The client crashes, generally within a few seconds. Adding a sleep
inside the server loop seems to resolve the issue.

With what error?
Anyone know why?

I've had better luck with these kinds of errors by placing the
TupleSpace in its own process.
 
J

James Edward Gray II

With what error?

$ ruby client.rb
(druby://localhost:61676) /usr/local/lib/ruby/1.8/rinda/tuplespace.rb:
332:in `move': undefined method `push' for :EDQUOT=:Symbol
(NoMethodError)
from (druby://localhost:61676) /usr/local/lib/ruby/1.8/
monitor.rb:229:in `synchronize'
from (druby://localhost:61676) /usr/local/lib/ruby/1.8/rinda/
tuplespace.rb:329:in `move'
from (druby://localhost:61676) /usr/local/lib/ruby/1.8/drb/
drb.rb:1552:in `perform_without_block'
from (druby://localhost:61676) /usr/local/lib/ruby/1.8/drb/
drb.rb:1512:in `perform'
from (druby://localhost:61676) /usr/local/lib/ruby/1.8/drb/
drb.rb:1586:in `main_loop'
from (druby://localhost:61676) /usr/local/lib/ruby/1.8/drb/
drb.rb:1582:in `main_loop'
from (druby://localhost:61676) /usr/local/lib/ruby/1.8/drb/
drb.rb:1578:in `main_loop'
from (druby://localhost:61676) /usr/local/lib/ruby/1.8/drb/
drb.rb:1427:in `run'
from (druby://localhost:61676) /usr/local/lib/ruby/1.8/drb/
drb.rb:1424:in `run'
from (druby://localhost:61676) /usr/local/lib/ruby/1.8/drb/
drb.rb:1344:in `initialize'
from (druby://localhost:61676) /usr/local/lib/ruby/1.8/drb/
drb.rb:1624:in `start_service'
from (druby://localhost:61676) server.rb:7
from /usr/local/lib/ruby/1.8/rinda/rinda.rb:153:in `take'
from client.rb:11

James Edward Gray II
 
E

Eric Hodel

$ ruby client.rb
(druby://localhost:61676) /usr/local/lib/ruby/1.8/rinda/
tuplespace.rb:332:in `move': undefined method `push'
for :EDQUOT=:Symbol (NoMethodError)

I'm seeing similar, but only on the Mac.

I wrote [ruby-core:06629], so you may want to add your ruby versions
and any additional insight there, as I think this is a problem
somewhere in the guts of Ruby.
 
H

Hugh Sasse

If I launch this server: [...]
__END__

Then run this client:

#!/usr/local/bin/ruby -w

require "drb"
require "rinda/tuplespace"

DRb.start_service
tuplespace = Rinda::TupleSpaceProxy.new(
DRbObject.new_with_uri("druby://localhost:61676")
)

while problem = tuplespace.take(["Problem", %r{^\d+(?: [-+*/] \d+)+$}])
tuplespace.write(["Result", "#{problem.last} = #{eval problem.last}"])
end

__END__

The client crashes, generally within a few seconds. Adding a sleep inside the
server loop seems to resolve the issue.

Anyone know why?

No, I don't. What happens if you match the old way? Like:
while problem = tuplespace.take(["Problem", nil])
James Edward Gray II
Hugh
 
E

Eric Hodel

The client crashes, generally within a few seconds. Adding a
sleep inside the
server loop seems to resolve the issue.

Anyone know why?

No, I don't. What happens if you match the old way? Like:
while problem = tuplespace.take(["Problem", nil])

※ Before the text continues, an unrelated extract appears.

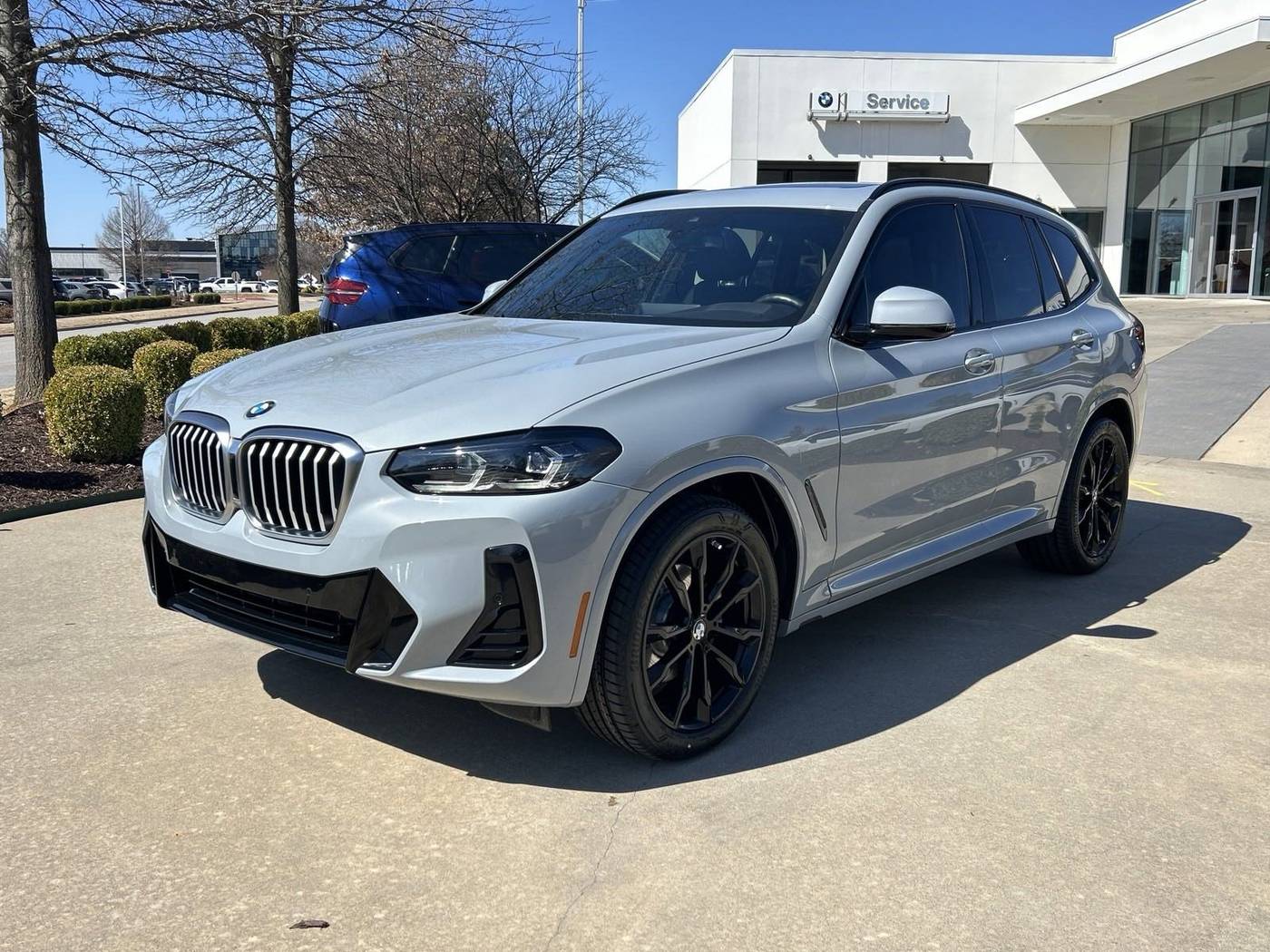 2022 BMW X3 30i — SUV — 35,431 mi — Bentonville, AR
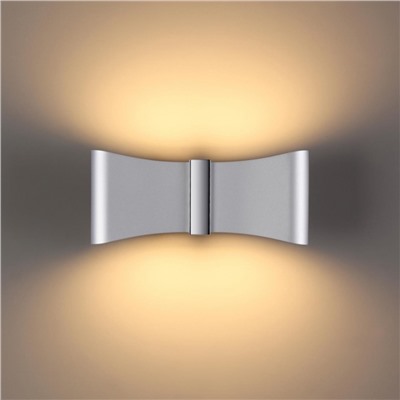 Нарушена упаковка.   Настенный светодиодный светильник Odeon Light Motion  4215/12WL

It seems to be a problem only when OS X is involved.

I've been running the same two scripts using Ruby 1.8.3 on FreeBSD
for the past hour without error. I'll let them run for at least
another four or five to see if they fail.

See-also: [ruby-core:06629]
 
J

James Edward Gray II

If I launch this server:
[...]

__END__

Then run this client:

#!/usr/local/bin/ruby -w

require "drb"
require "rinda/tuplespace"

DRb.start_service
tuplespace = Rinda::TupleSpaceProxy.new(
DRbObject.new_with_uri("druby://localhost:61676")
)

while problem = tuplespace.take(["Problem", %r{^\d+(?: [-+*/] \d+)+
$}])
tuplespace.write(["Result", "#{problem.last} = #{eval
problem.last}"])
end

__END__

The client crashes, generally within a few seconds. Adding a
sleep inside the
server loop seems to resolve the issue.

Anyone know why?

No, I don't. What happens if you match the old way? Like:
while problem = tuplespace.take(["Problem", nil])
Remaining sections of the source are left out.